## TASK TO CARRY OUT
Repeat exactly, and nothing more, the lines from the one that includes "Homem com mandado" through the final line of the entries; skip the pictures.
[TASK INPUTS Boundary: Start]
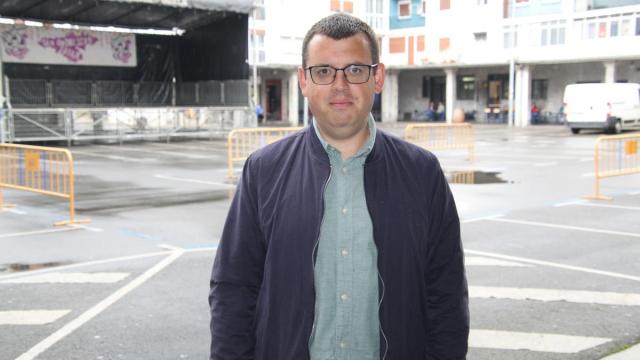 El portavoz jeltzale, Ander Garay, en Gudarien plaza, ubicada en el barrio de San Andrés.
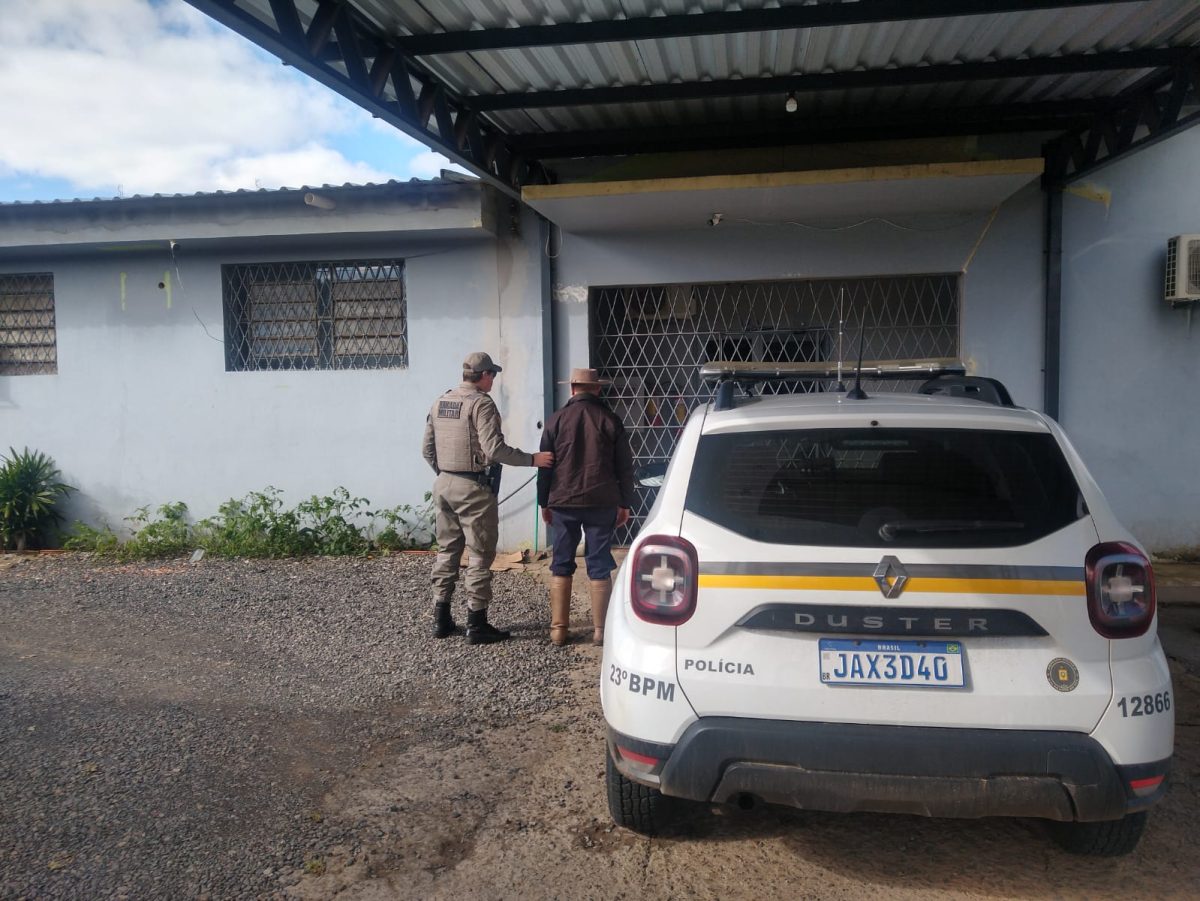 Homem com mandado de prisão em aberto é localizado entre manifestantes na rodovia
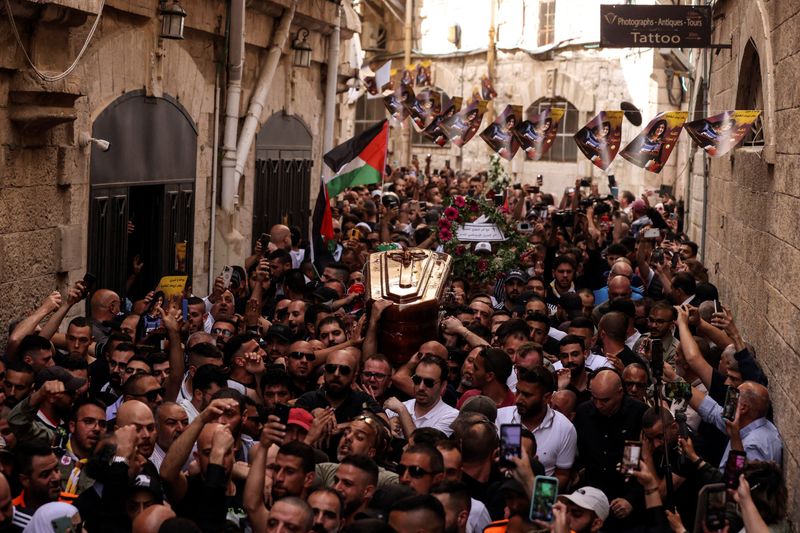 &copy; Reuters. صورة لجنازة صحفية الجزيرة شيرين أبو عاقلة في مخيم جنين بالضفة الغربية يوم 13 مايو ايار 2022. تصوير: عمار عوض - رويترز. 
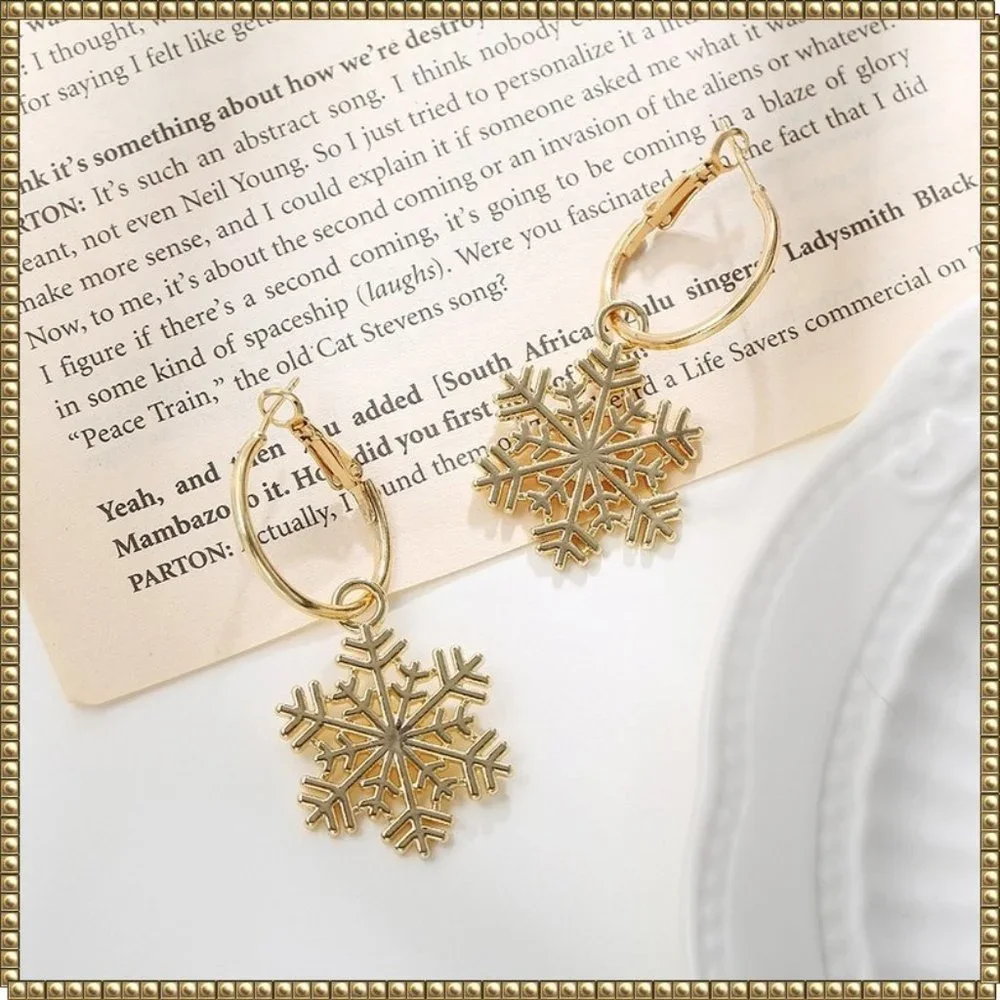 ๐SOLD๐๐๐บ๐จ๐ณ๐ฌ๐2 ๐๐๐ $12 - NEW In Box Gold Snowflake Dangle Earrings - Picture 2 of 6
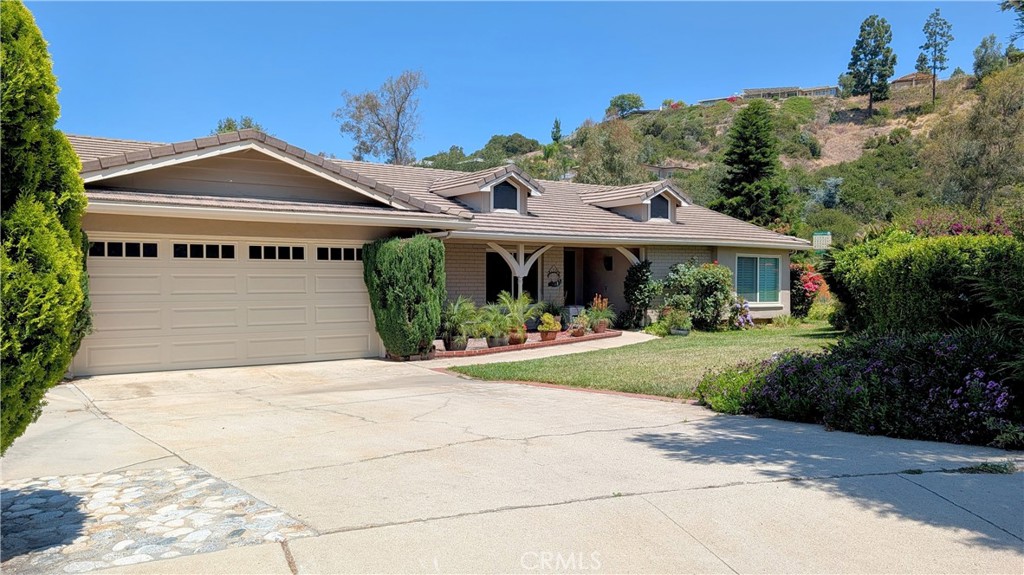 2397 N San Benito Court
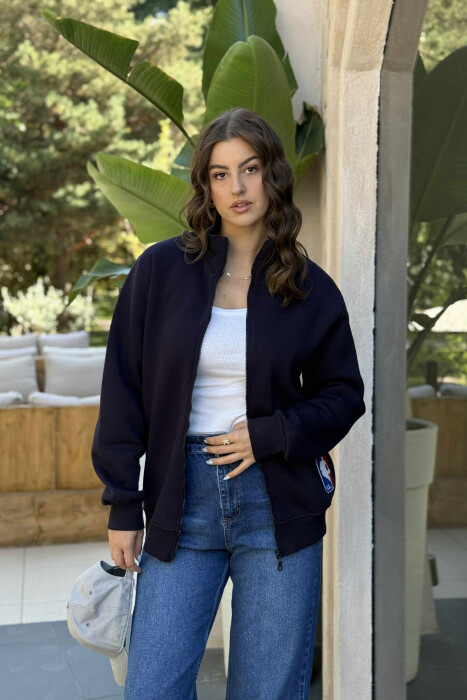 XHAKETË ME PUSH PËR FEMRA NË NGJYRËN BLU E ERRËT - 2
[TASK INPUTS Boundary: End]
## SOLUTION TO THE PROBLEM
 Homem com mandado de prisão em aberto é localizado entre manifestantes na rodovia
 &copy; Reuters. صورة لجنازة صحفية الجزيرة شيرين أبو عاقلة في مخيم جنين بالضفة الغربية يوم 13 مايو ايار 2022. تصوير: عمار عوض - رويترز. 
 ๐SOLD๐๐๐บ๐จ๐ณ๐ฌ๐2 ๐๐๐ $12 - NEW In Box Gold Snowflake Dangle Earrings - Picture 2 of 6
 2397 N San Benito Court
 XHAKETË ME PUSH PËR FEMRA NË NGJYRËN BLU E ERRËT - 2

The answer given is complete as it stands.